New York AG Sues Citibank for Poor Phishing ProtectionsState Attorney Alleges Lack of Layered Security to Stop Fraudulent Wire Tranfers
The New York attorney general sued the third-largest bank in the United States over its alleged failure to protect consumers from scammers and its refusal to make victims whole after online thieves have plundered their life savings.
Manhattan-based Citibank, state prosecutors charged in federal court, "has overpromised and underdelivered on security." In a complaint that could easily lead to millions in civil penalties and restitution, New York attorneys accuse Citi of sidestepping consumer protection law meant to incentivize banks into providing more robust security by limiting consumer losses caused by fraudulent wire transfers.
"If a bank cannot secure its customers' accounts, they are failing in their most basic duty," said Attorney General Letitia James.
In an emailed statement, Citi said that "banks are not required to make clients whole when those clients follow criminals' instructions and banks can see no indication the clients are being deceived." A spokesperson said the bank has nonetheless responded to a surge in wire transfer fraud "with leading security protocols, intuitive fraud prevention tools, clear insights about the latest scams, and driving client awareness and education." The bank reported revenue of $78.5 billion in 2023 and net income of $9.2 billion.
A cornerstone of the lawsuit is the Electronic Fund Transfer Act, a 1978 law that New York prosecutors say caps individual liability for unauthorized electronic wire transfers - including wire transfers initiated by scammers.

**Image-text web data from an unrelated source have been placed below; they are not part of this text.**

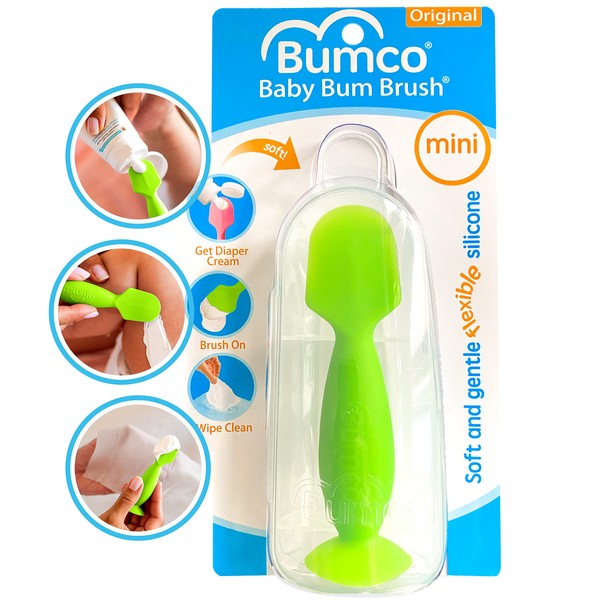 Bumco Diaper Cream Brush - Mini Baby Bum Brush with Travel Case, Baby Butt Paste Diaper Cream Spatula, Butt Paste Spatula for Baby Butt Cream, Mini Diaper Cream Applicator, Butt Spatula Baby, Green
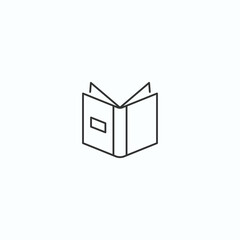 Minimalist icon of an open book in simple line art style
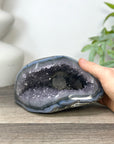 Blue Agate & Amethyst Natural Geode - STGE0036
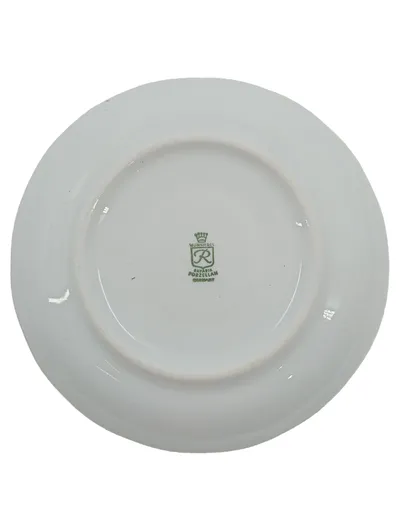 Retsch Wunsiedel Bavaria Porzellan Untertasse Grün Gold Blumenmuster 14cm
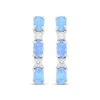 Thumbnail Image 2 of Oval-Cut Blue Lab-Created Opal & White Lab-Created Sapphire Hoop Earrings Sterling Silver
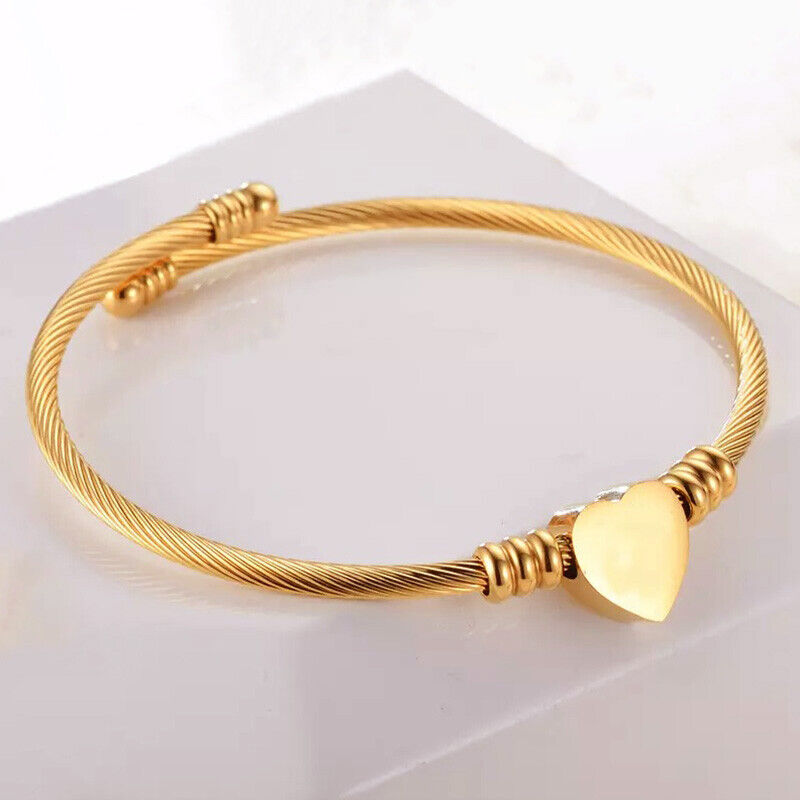 Valentines 24k Gold Heart Womens Large Adjust 7.5" To 8" Bracelet Bangle D998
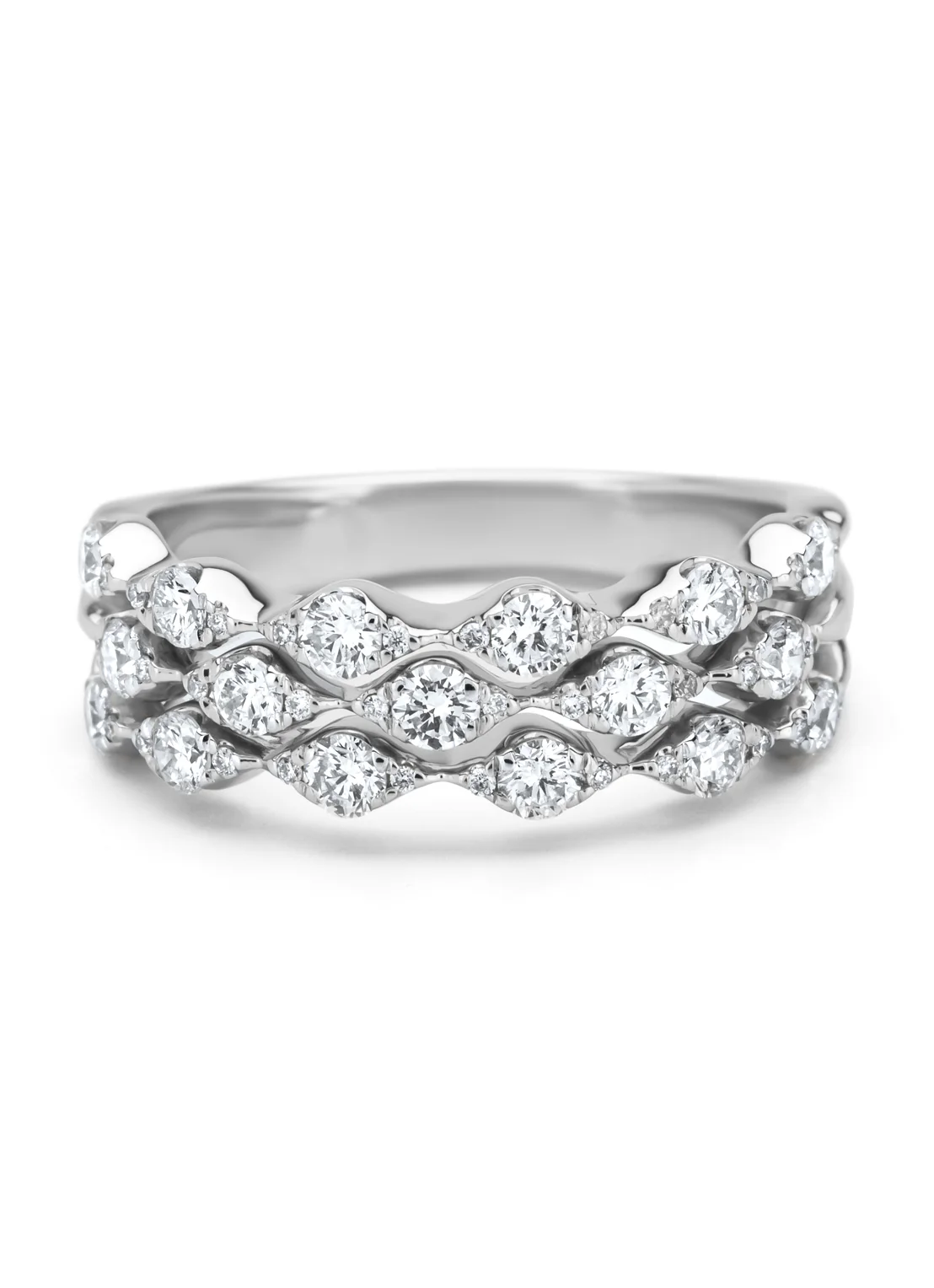 Witgouden ring, 0.75 ct diamant, Caviar - Image 4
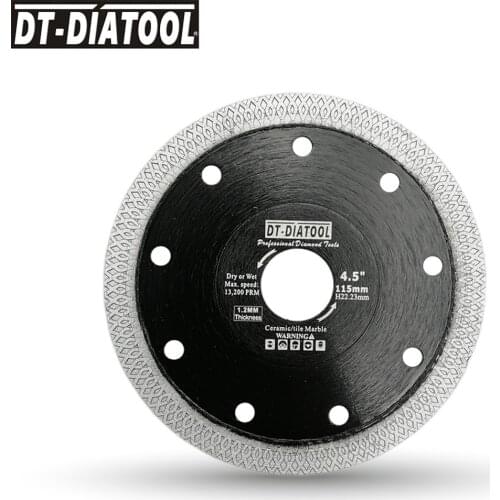 DT-DIATOOL Dia 4.5inch/115mm Diamond X Mesh turbo Superthin Saw Blades rim segment Cutting Disc with Diamond thickness 1.2MM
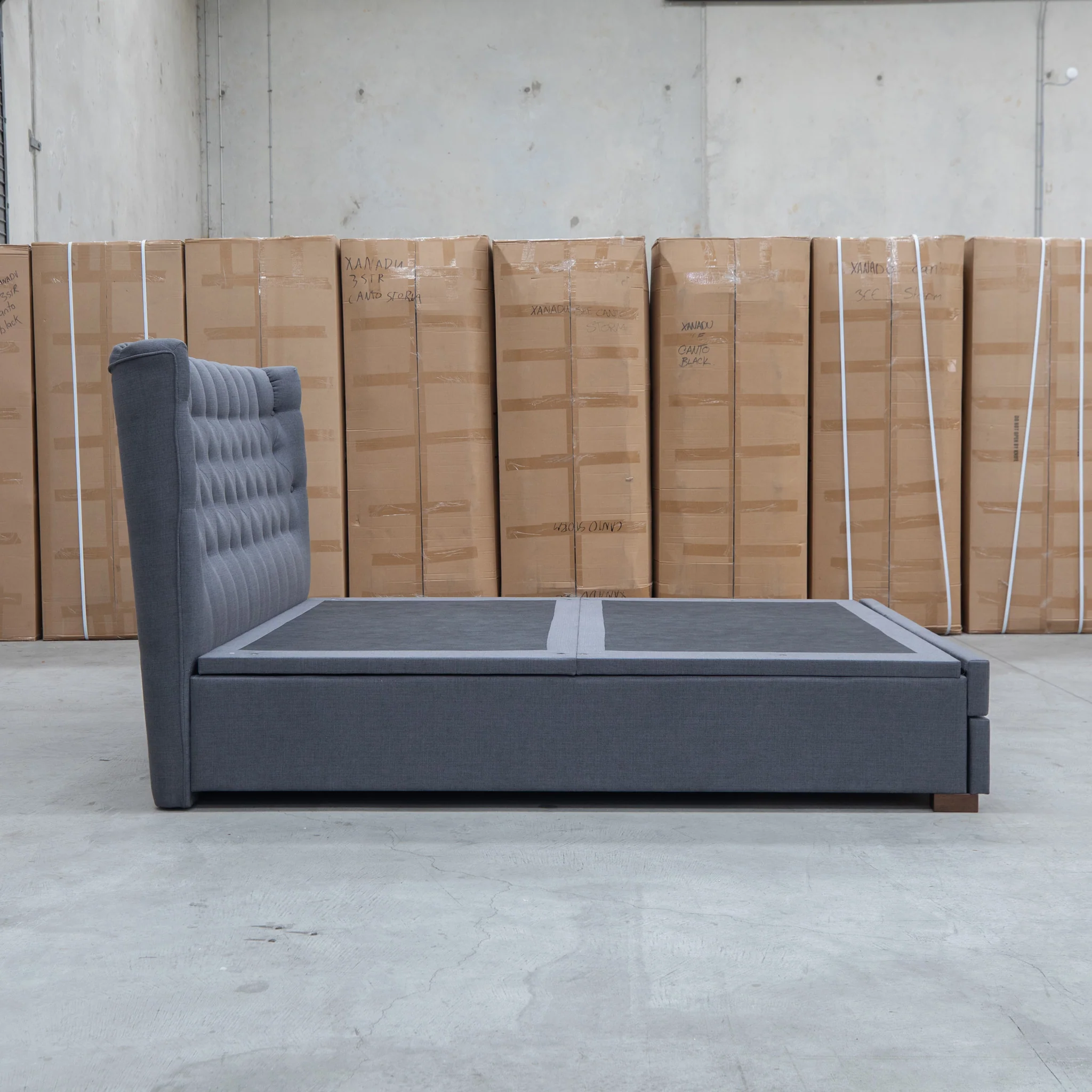 Blake Queen Upholstered Gas Lift Storage Bed - Charcoal - Image 15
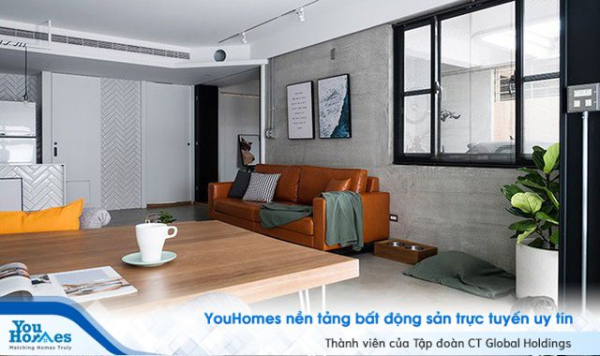 Cách trang trí căn hộ với tường xi măng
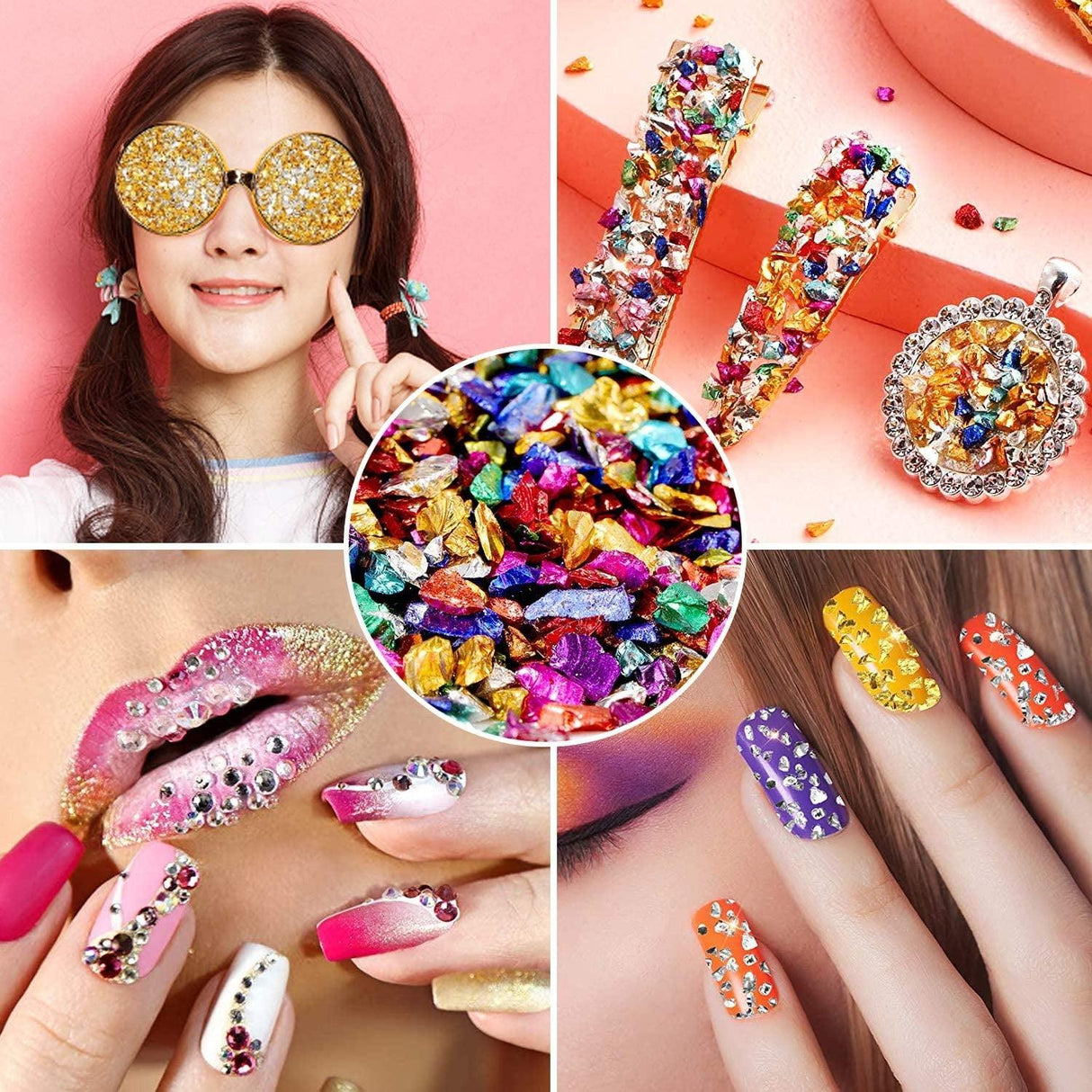 12 Box Crushed Glass Craft Glitter Fine for Resin Art, Small Broken Glass Pieces Irregular Metallic Crystal Chips Chunky Flakes Sequins for Nail Arts WoodArtSupply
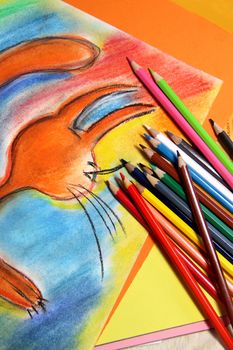Mix of multicolored vivid pencils 
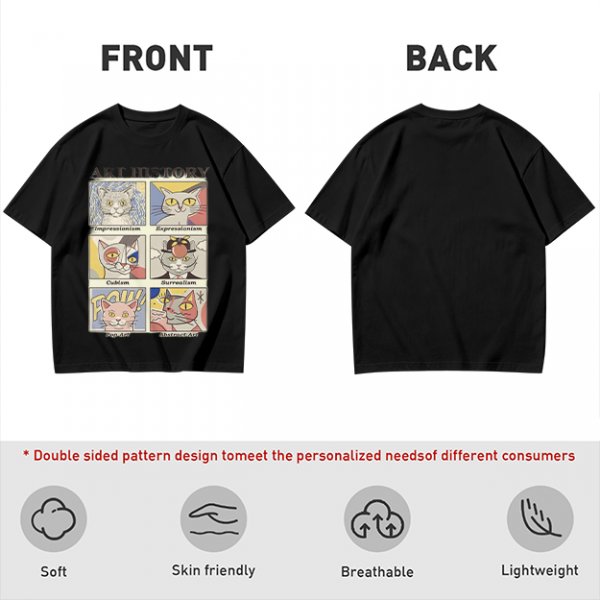 Art History Cat Themed Graphic T-Shirt Print Design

Placing liability for unauthorized wire transfers onto banks is meant to incentivize financial institutions into establishing guardrails, they say.
Measures that prosecutors say banks should have in place include heightened verification procedures for wire transfers tied to unusual activity, such as an account password change.
State attorneys also fault Citi for not automatically deploying "its most robust security procedures" after spotting other red flags, such as a transfer from an account that had just been upgraded to send wires, or after activity, such as consolidating funds across multiple accounts before transferring money.
"When scammers use intra-bank transfers to empty accounts and consolidate funds into a single bank account that is then used to send to Citi a large fraudulent Payment Order, Citi's internal procedures does not flag this account activity as suspicious in any way," the complaint alleges.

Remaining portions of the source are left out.